[Start of Attachment]

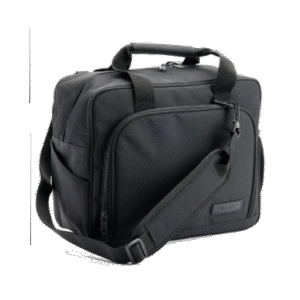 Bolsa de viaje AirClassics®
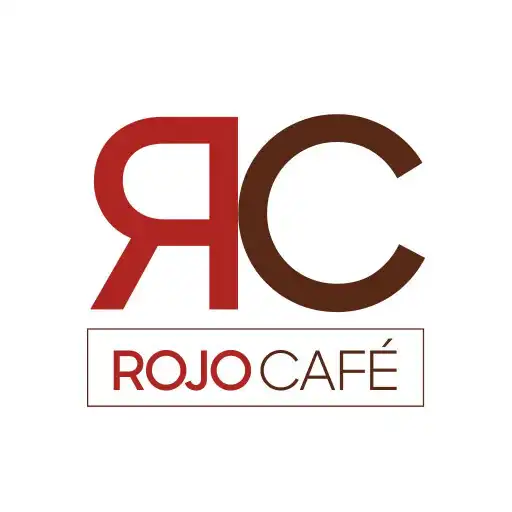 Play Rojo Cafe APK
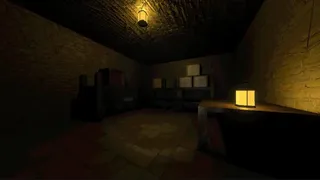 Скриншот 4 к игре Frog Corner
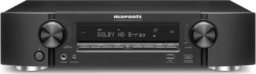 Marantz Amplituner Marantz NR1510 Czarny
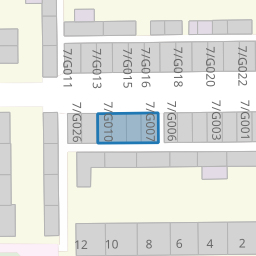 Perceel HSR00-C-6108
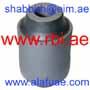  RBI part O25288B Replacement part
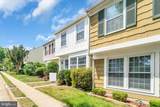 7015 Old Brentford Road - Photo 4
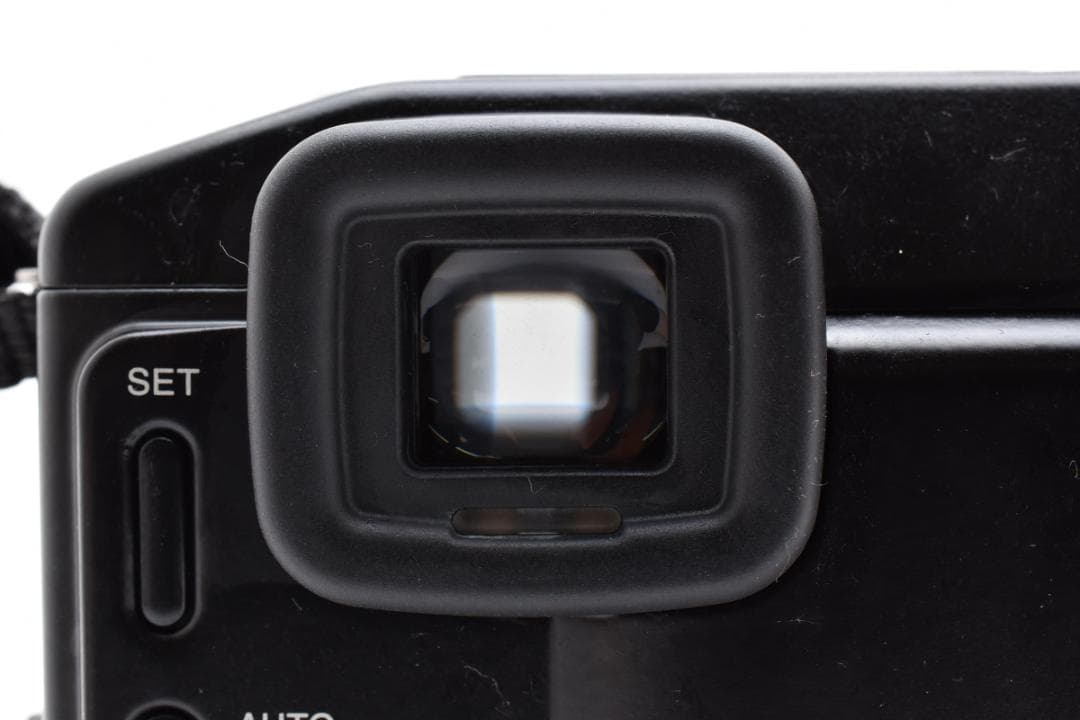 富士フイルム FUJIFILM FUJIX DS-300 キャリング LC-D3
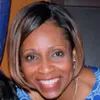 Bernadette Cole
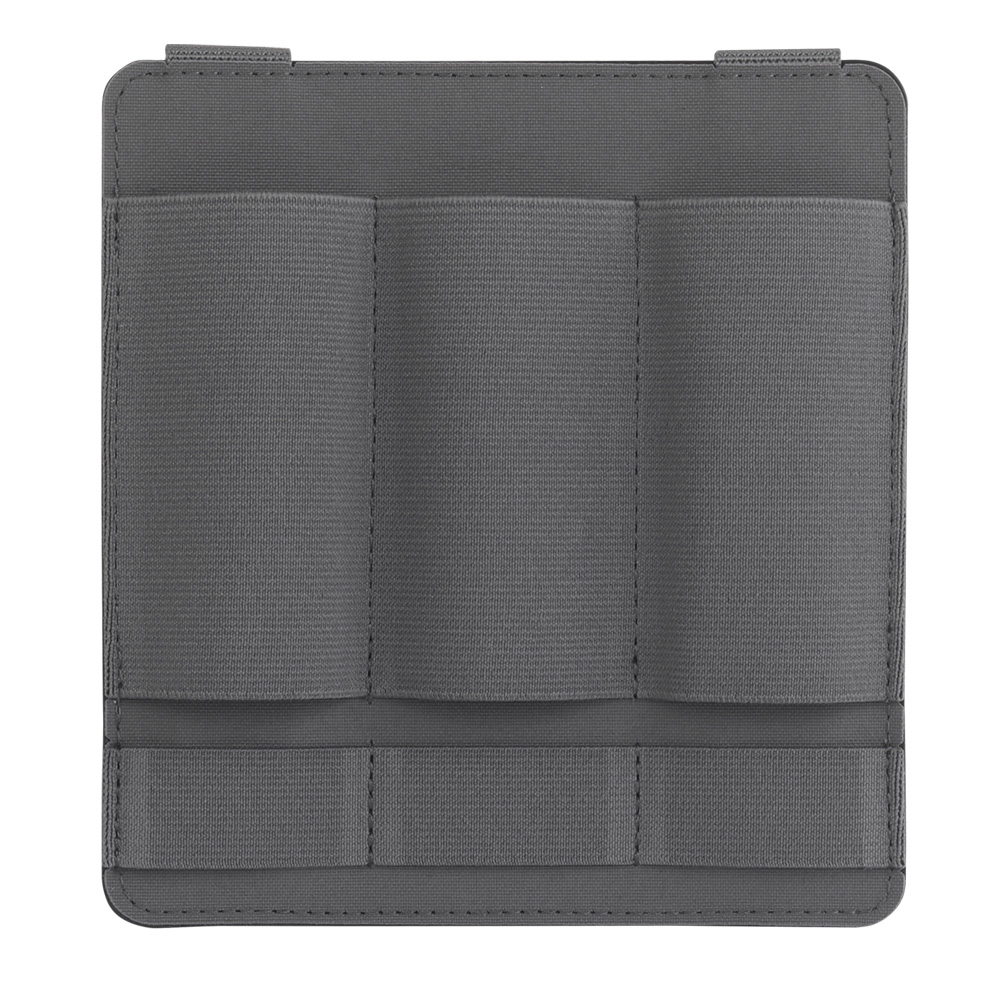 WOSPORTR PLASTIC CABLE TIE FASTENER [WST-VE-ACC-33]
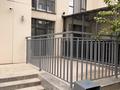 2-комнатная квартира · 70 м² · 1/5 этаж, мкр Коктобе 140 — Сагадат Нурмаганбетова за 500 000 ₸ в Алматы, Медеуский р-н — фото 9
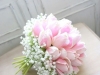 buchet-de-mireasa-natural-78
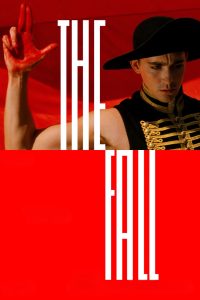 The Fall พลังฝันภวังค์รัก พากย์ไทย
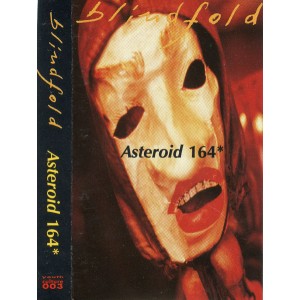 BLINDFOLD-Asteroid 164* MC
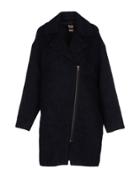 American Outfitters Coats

[End of Attachment]

▸ **Your assignment**
When an image appears in the data, skip it and output the rest exactly.

▸ **Finished exercise**
 Bolsa de viaje AirClassics®
 Play Rojo Cafe APK
 Скриншот 4 к игре Frog Corner
 Marantz Amplituner Marantz NR1510 Czarny
 Perceel HSR00-C-6108
  RBI part O25288B Replacement part
 7015 Old Brentford Road - Photo 4
 富士フイルム FUJIFILM FUJIX DS-300 キャリング LC-D3
 Bernadette Cole
 WOSPORTR PLASTIC CABLE TIE FASTENER [WST-VE-ACC-33]
 2-комнатная квартира · 70 м² · 1/5 этаж, мкр Коктобе 140 — Сагадат Нурмаганбетова за 500 000 ₸ в Алматы, Медеуский р-н — фото 9
 buchet-de-mireasa-natural-78
 The Fall พลังฝันภวังค์รัก พากย์ไทย
 BLINDFOLD-Asteroid 164* MC
 American Outfitters Coats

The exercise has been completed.